→ Aim of the exercise:
Copy out all of the data word for word. Omit every picture.

→ Data:
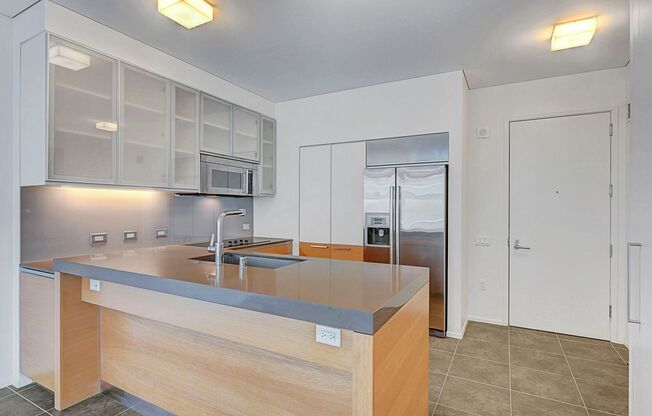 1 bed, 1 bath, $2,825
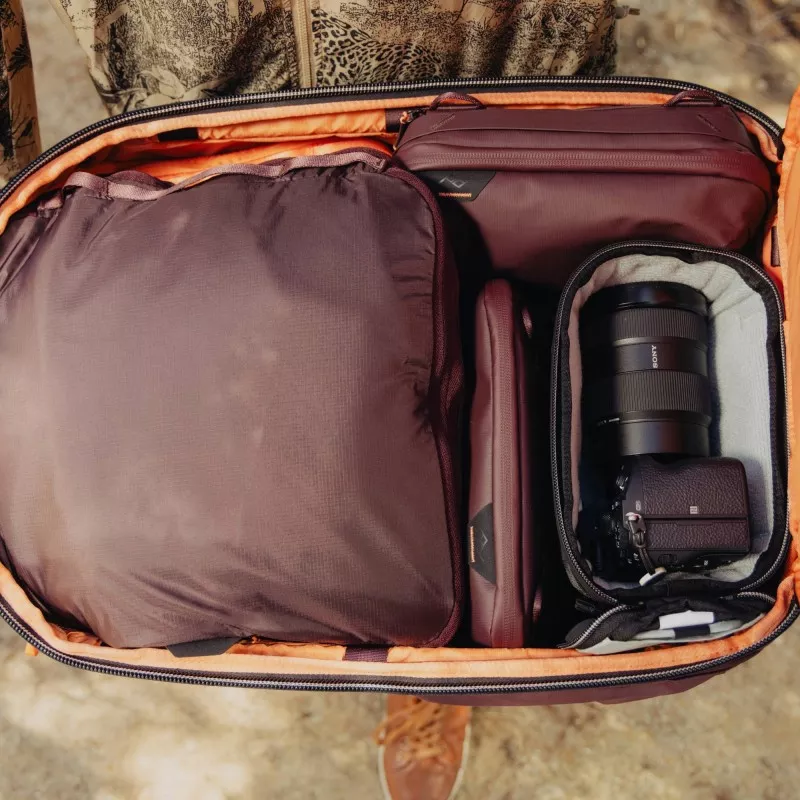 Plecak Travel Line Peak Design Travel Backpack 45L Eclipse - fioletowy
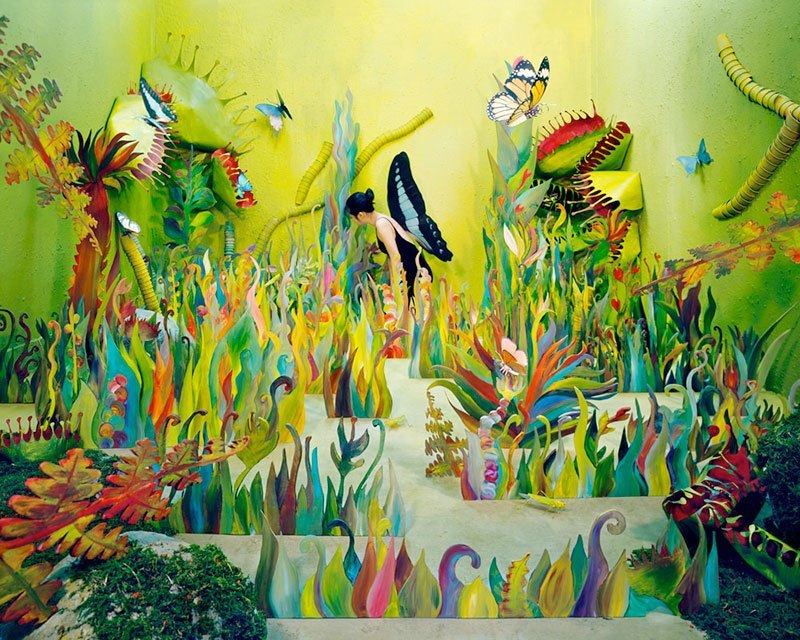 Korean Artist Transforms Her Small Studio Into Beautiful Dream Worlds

→ Task solution:
 1 bed, 1 bath, $2,825
 Plecak Travel Line Peak Design Travel Backpack 45L Eclipse - fioletowy
 Korean Artist Transforms Her Small Studio Into Beautiful Dream Worlds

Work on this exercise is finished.